Think though that we do see that there is a lack of being willing to apply biblcal mandates in case of "not lawful' as that would disqulaify onw from service IMHO!
Also mindful of when Jimmy Swaagert had his 'problem", and the official AG policy is to have a year 'down time" and have counseling, but local church only wanted 3 Months...
Different standards for different folks, it seems! -
Marriage, in Canada, must be looked at from two different angles. First, we, as ministers, look at divorce from the biblical angle. Divorcement did happen in biblical times and there are rules for that divorcement. The marriage vows call for a life together forever regardless of circumstances. Then, we have the laws of the land. Marriage and divorce come under the laws of the land. A minister is accepted under the laws of the land. My ordination is registered with the government and my approval to do weddings comes under provincial laws and regulations. In this sense, I am a civil servant. I can refuse to perform a wedding, but I must obey the law when I do. I do not know how it works in the USA, but I believe we differ. We had to have a licence for each province, and turn in our licence when we moved from one province to another.
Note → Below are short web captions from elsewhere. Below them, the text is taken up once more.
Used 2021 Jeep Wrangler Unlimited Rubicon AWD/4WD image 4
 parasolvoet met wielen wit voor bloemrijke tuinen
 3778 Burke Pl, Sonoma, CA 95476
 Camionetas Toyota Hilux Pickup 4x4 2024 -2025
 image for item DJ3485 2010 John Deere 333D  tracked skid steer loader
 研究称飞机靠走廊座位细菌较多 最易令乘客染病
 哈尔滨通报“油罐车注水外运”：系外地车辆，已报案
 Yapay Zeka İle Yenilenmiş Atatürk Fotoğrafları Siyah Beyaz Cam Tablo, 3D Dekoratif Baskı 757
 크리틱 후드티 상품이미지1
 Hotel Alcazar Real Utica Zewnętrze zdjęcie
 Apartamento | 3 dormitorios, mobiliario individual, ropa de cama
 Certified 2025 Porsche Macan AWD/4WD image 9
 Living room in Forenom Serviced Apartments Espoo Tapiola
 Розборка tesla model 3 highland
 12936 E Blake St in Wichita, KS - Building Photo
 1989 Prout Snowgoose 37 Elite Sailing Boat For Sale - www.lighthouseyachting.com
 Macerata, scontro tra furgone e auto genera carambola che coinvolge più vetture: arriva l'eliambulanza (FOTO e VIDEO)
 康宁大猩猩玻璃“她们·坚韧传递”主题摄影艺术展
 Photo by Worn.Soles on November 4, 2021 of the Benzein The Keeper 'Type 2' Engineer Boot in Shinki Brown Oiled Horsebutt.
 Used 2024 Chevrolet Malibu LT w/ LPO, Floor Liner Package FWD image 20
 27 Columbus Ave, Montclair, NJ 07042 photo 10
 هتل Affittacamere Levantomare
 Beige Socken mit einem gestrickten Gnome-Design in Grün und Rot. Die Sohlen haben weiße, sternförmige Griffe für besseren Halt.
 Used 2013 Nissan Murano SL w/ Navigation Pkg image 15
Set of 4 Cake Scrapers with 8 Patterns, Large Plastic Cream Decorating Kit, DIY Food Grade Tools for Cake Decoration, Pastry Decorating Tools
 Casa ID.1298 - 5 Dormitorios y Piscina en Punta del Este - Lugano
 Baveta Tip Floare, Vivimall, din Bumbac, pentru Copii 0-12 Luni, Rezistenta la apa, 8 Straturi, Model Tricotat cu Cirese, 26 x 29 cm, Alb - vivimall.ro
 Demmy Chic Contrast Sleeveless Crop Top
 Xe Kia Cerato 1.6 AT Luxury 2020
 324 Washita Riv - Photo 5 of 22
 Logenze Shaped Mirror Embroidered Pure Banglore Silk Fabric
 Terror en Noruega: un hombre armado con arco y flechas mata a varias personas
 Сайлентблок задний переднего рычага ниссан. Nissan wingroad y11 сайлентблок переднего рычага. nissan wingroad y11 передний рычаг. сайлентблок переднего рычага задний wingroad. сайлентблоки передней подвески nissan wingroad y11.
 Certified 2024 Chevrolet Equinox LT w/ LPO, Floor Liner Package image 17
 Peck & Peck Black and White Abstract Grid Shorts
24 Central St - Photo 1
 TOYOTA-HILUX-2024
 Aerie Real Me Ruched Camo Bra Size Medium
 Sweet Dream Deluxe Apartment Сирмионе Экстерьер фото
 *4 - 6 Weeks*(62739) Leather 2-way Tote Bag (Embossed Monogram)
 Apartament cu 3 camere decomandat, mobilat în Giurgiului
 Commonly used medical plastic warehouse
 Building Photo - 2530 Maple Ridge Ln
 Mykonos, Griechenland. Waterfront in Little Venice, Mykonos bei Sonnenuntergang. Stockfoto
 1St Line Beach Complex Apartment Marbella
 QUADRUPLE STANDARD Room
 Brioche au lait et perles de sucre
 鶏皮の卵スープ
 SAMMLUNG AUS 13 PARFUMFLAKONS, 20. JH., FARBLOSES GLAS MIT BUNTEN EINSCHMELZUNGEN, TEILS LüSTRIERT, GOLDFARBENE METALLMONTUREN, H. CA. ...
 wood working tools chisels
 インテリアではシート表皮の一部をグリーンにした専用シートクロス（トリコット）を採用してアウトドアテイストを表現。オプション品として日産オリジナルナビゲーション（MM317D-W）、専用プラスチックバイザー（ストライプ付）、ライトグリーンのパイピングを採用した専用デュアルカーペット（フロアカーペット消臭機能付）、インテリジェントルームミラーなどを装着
Personally, I required the couple to be twice-born. I also required them to attend counselling sessions. Their banns were also read from the pulpit for 3 successive Sundays. Anyone objecting to the marriage could submit their argument to me, and the dispute would be settled before the wedding took place.
Another vital point is that I personally kept in touch with the couple at least once a year by letter after the wedding. Most problems crop up within 5 years and they can be dealt with from the beginning.
Do ministers have a greater responsibility in their own marriage? Indeed they do. We are not exempt from personal problems. Matter of fact, we are prone to problems if we are serving the people as we should. This is why there are so many problems with "preacher's kids". Sadly, the wife almost plays both roles. This is hard on her and it takes the preacher some time to realize this and act responsibly.
Cheers,
Jim -
1 Timothy 3:1-5 This is a true saying, If a man desire the office of a bishop, he desireth a good work. 2 A bishop then must be blameless, the husband of one wife, vigilant, sober, of good behaviour, given to hospitality, apt to teach; 3 Not given to wine, no striker, not greedy of filthy lucre; but patient, not a brawler, not covetous; 4 One that ruleth well his own house, having his children in subjection with all gravity; 5 (For if a man know not how to rule his own house, how shall he take care of the church of God?)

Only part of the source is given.